A Administração Obama - ela própria dividida em relação às sanções a aplicar a Vladimir Putin - espera mais da aliada Europa. E isso mesmo terá sido transmitido à chanceler alemã, Angela Merkel, que por estes dias visitou o presidente norte-americano na Casa Branca. O velho continente, já se sabe, tem pavor a conflitos à sua porta e, neste caso, há razões adicionais que só a economia conhece para evitar o confronto a todo o custo.

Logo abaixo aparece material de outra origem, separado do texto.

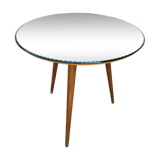 Tripod mirror table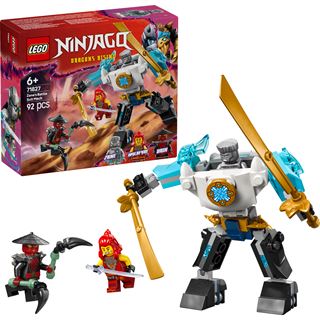 LEGO NINJAGO 71827 Zanes Action-Mech - Ninja Spielzeug mit 3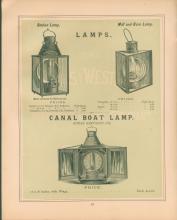 Adams & Westlake Manufacturing Company (Adlake) catalog, 1882 (incomplete)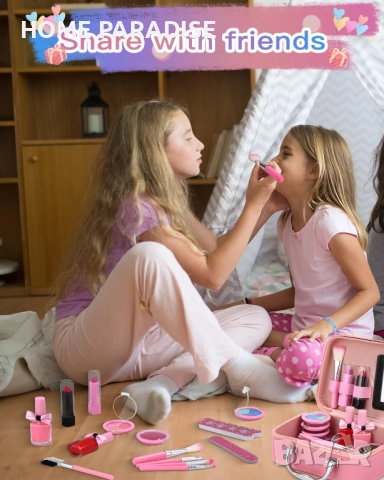 Подаръчен комплект с гримове за деца 3-10 години, снимка 3 - Други - 52454632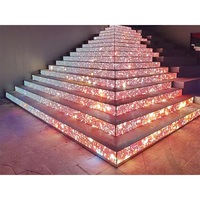 Écran numérique LED pour escalier, concert, mariage, festival, escalier, carrelage de sol, écran pour décoration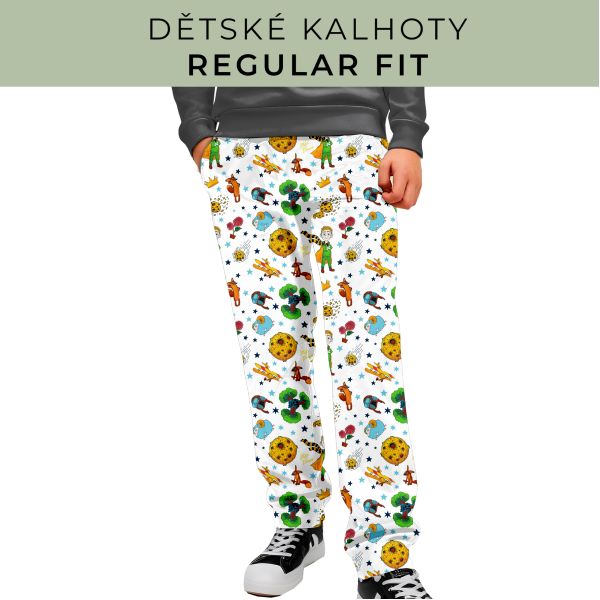 DĚTSKÝ STŘIH - Kalhoty Regular fit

A Ucrânia - e parte da Europa - dependem do gás russo. Mas será um erro achar que a Rússia está numa posição dominante por ser o fornecedor privilegiado desta importante fonte de energia para particulares e empresas. O PIB moscovita cresceu uns míseros 1,3% em 2013, razão pela qual o país precisa como de pão para a boca de um aumento das suas exportações energéticas, se quiser fortalecer a fraca performance.

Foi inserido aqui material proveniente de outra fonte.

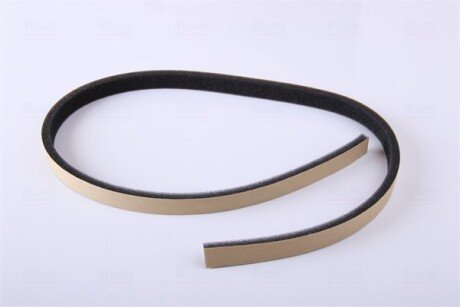 Радиатор печки (отопителя) nissens 72937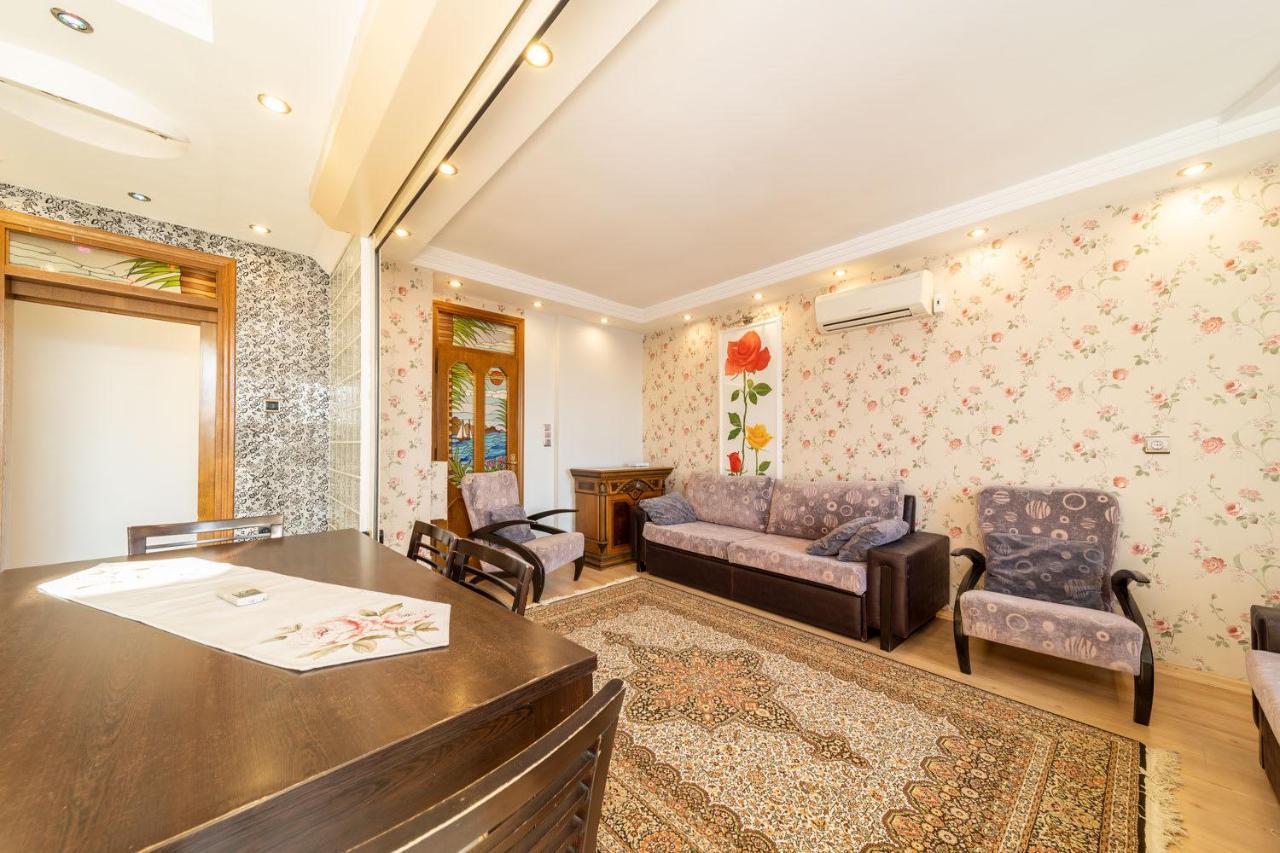 Lovely Flat With Sea View Near Beach In Muratpasa Antalya Dış mekan fotoğraf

A prudência europeia tem, todavia, génese mais prosaica que não se prende apenas com a dependência do gás russo e que os Estados Unidos - paladinos das invasões alheias por razões económicas nem sempre claras - deveriam ser os primeiros a entender. Mais de seis mil empresas alemãs mantêm importantes relações comerciais com a Rússia e isto só de forma direta. As contabilizações indiretas serão ainda comercialmente mais robustas. Por conseguinte, se aos interesses de Berlim acrescentarmos os da outra Europa, nomeadamente portugueses, em relação à Rússia, temos aí uma parte da explicação que os Estados Unidos insistem em não compreender.
Esta teia de interesses explica, em parte, a ineficácia das sanções económicas contra Moscovo, tão insistentemente pedidas pela Administração Obama. Seriam úteis do ponto de vista diplomático, mas de nenhuma utilidade na prática. E, por isso, hipócritas. Porquê? Porque, apesar da relação de confiança entre a Rússia e a NATO - onde UE e EUA falariam a uma só voz - ter sido posta em causa em função da intervenção na Crimeia, a verdade é que esta crise começou por ser um conflito interno da Ucrânia e, só depois, uma crise regional com Moscovo. Sendo essa uma evidência que nem europeus nem norte-americanos conseguiram resolver, apesar das promessas de milhões para Kiev.
Por tudo isto, a preocupante escalada da tensão na Ucrânia está muito mais próxima de uma crise de contornos interesseiros e imprevisíveis do que o temido e propalado regresso da Guerra Fria. Para tal, a Europa teria de estar bem mais sintonizada com as posições dos Estados Unidos. E não está. Daí a dúvida: será a saída para a crise ucraniana limpa?